Following is my query that runs from each node in the cluster:

curl -XPUT 'http://localhost:9200/_snapshot/essnapshots/12192016?wait_for_completion=false' -d '{    
    "ignore_unavailable": "true",
    "include_global_state": false
}'

This means, you can't use the same snapshot name from each node in the cluster unless you use different snapshot name from each node in the cluster. Or you don't have to fire snapshot API from all the nodes in the cluster. I don't know which one is valid and would like to avoid trial and error test. A verbose explanation with an example would be appreciated. We are trying to go live in production. Thank you.


(Christian Dahlqvist) #10

Snapshots are not created per node but for the whole cluster, which is why all nodes need access to the storage.


(Animageofmine) #11

I think all nodes have access to the storage because the snapshot was successful. This would mean that, you only need to trigger snapshot from one of the nodes in the cluster and it will talk with other nodes, grep the data and push it to S3. Let me know if that's not the case. Thanks so much!


(Christian Dahlqvist) #12

It does not matter which node you trigger the snapshot from, so that is correct.


(Animageofmine) #13

sounds good. Thank you so much!


(Animageofmine) #14

@Christian_Dahlqvist @warkolm

Been monitoring the logs and observed the following, which seem to be from AWS connection. I think the logs are probably because of some internal protocol to connect with AWS, but I still wanted to run through you guys, if that's expected.

I am not sure why is it connecting to AWS so many times that it has to close the connection over and over. We did not request any snapshots during this time.

Seems to log every minute based on the pattern (6:04:11, 6:05:11, etc...)
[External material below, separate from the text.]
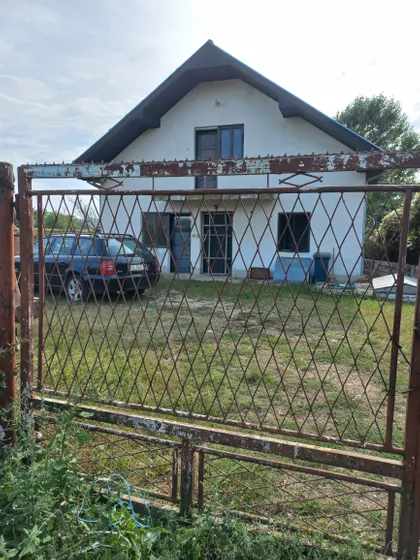 Dragoljuba Petrovića-Timošenka | 4zida.rs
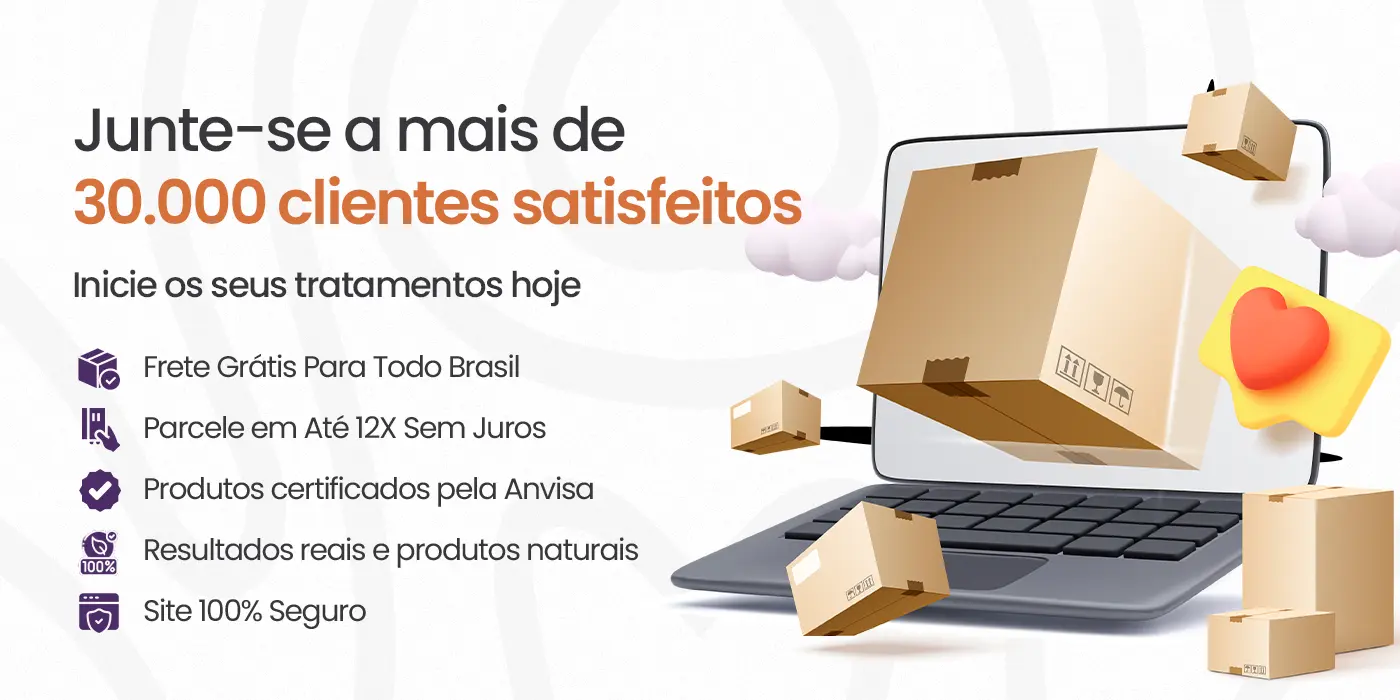 Junte-se-a-mais-de-X-clientes-satisfeitos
[2016-12-20T06:04:11,002][DEBUG][o.a.h.i.c.PoolingClientConnectionManager] Closing connections idle longer than 60 SECONDS
[2016-12-20T06:05:11,002][DEBUG][o.a.h.i.c.PoolingClientConnectionManager] Closing connections idle longer than 60 SECONDS
[2016-12-20T06:06:11,002][DEBUG][o.a.h.i.c.PoolingClientConnectionManager] Closing connections idle longer than 60 SECONDS
[2016-12-20T06:07:11,002][DEBUG][o.a.h.i.c.PoolingClientConnectionManager] Closing connections idle longer than 60 SECONDS
[2016-12-20T06:08:11,003][DEBUG][o.a.h.i.c.PoolingClientConnectionManager] Closing connections idle longer than 60 SECONDS
[2016-12-20T06:09:11,003][DEBUG][o.a.h.i.c.PoolingClientConnectionManager] Closing connections idle longer than 60 SECONDS
[2016-12-20T06:10:11,003][DEBUG][o.a.h.i.c.PoolingClientConnectionManager] Closing connections idle longer than 60 SECONDS
[2016-12-20T06:11:11,004][DEBUG][o.a.h.i.c.PoolingClientConnectionManager] Closing connections idle longer than 60 SECONDS
[2016-12-20T06:12:11,004][DEBUG][o.a.h.i.c.PoolingClientConnectionManager] Closing connections idle longer than 60 SECONDS
[2016-12-20T06:13:11,004][DEBUG][o.a.h.i.c.PoolingClientConnectionManager] Closing connections idle longer than 60 SECONDS
[2016-12-20T06:14:11,005][DEBUG][o.a.h.i.c.PoolingClientConnectionManager] Closing connections idle longer than 60 SECONDS
[2016-12-20T06:15:11,005][DEBUG][o.a.h.i.c.PoolingClientConnectionManager] Closing connections idle longer than 60 SECONDS

(system) #15

This topic was automatically closed 28 days after the last reply. New replies are no longer allowed.